**AVAILABLE DATA:**
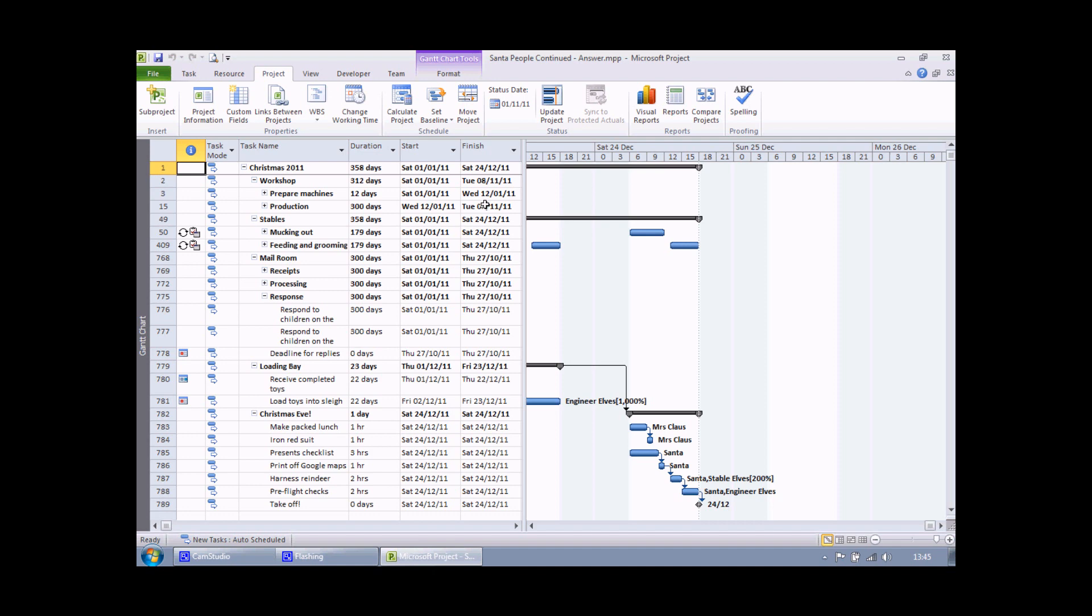So for tasks that finish well before Christmas Day we'll have a nice green safe traffic light, tasks finishing a bit later will have an amber traffic light, then tasks finishing quite close to Christmas will have a red traffic light indicating they're quite critical.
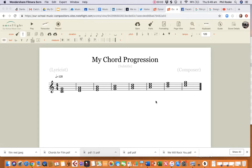Here we are back again. We're going to take our smorgasbord of chords and make a chord progression. Listen to some of the film themes and choose one from the YouTube video that you'd like to copy, or even one of the film excerpts set in your project. This isn't your project — you're just making a chord progression so you understand what one is.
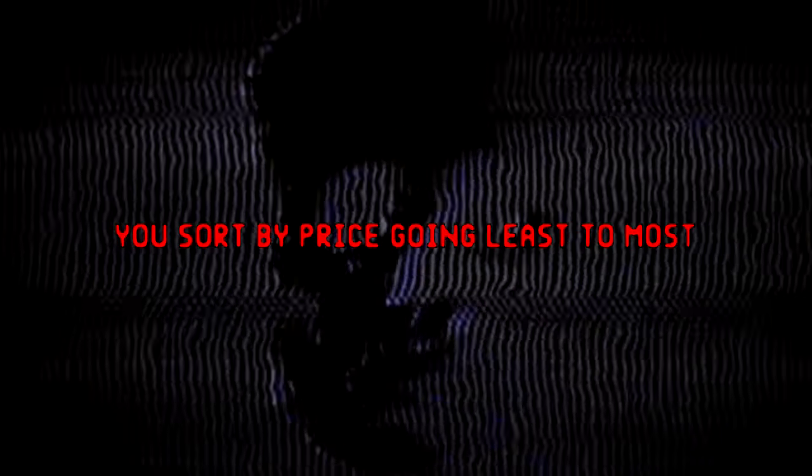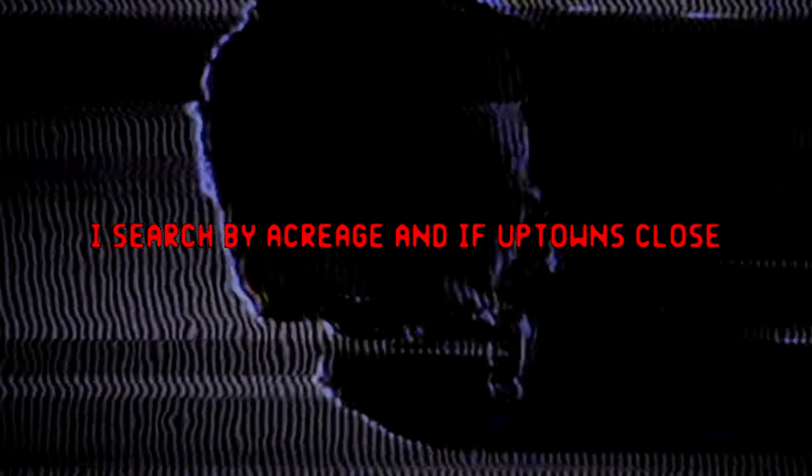They want gold bars and cars, some bands in the boat. Private dollar with a moat in a mansion that floats. You sort by price, goin' least the most.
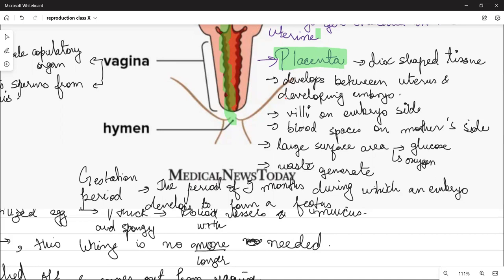After development is complete, contractions begin and the woman goes into labour, signaling the birth process.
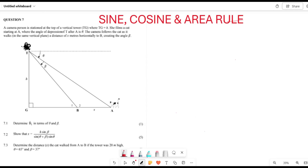It's Mr. Chadro here, welcome to Back to Basics. Today we are looking at sine, cosine, and area rules — understanding how to go about solving these types of questions. We are going to solve them using a past paper from November 2022, written from the Western Cape province.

**THE TASK:** Your copy should match every entry above exactly and contain no pictures.

**FINISHED EXERCISE:**
So for tasks that finish well before Christmas Day we'll have a nice green safe traffic light, tasks finishing a bit later will have an amber traffic light, then tasks finishing quite close to Christmas will have a red traffic light indicating they're quite critical.
Here we are back again. We're going to take our smorgasbord of chords and make a chord progression. Listen to some of the film themes and choose one from the YouTube video that you'd like to copy, or even one of the film excerpts set in your project. This isn't your project — you're just making a chord progression so you understand what one is.
They want gold bars and cars, some bands in the boat. Private dollar with a moat in a mansion that floats. You sort by price, goin' least the most.
After development is complete, contractions begin and the woman goes into labour, signaling the birth process.
It's Mr. Chadro here, welcome to Back to Basics. Today we are looking at sine, cosine, and area rules — understanding how to go about solving these types of questions. We are going to solve them using a past paper from November 2022, written from the Western Cape province.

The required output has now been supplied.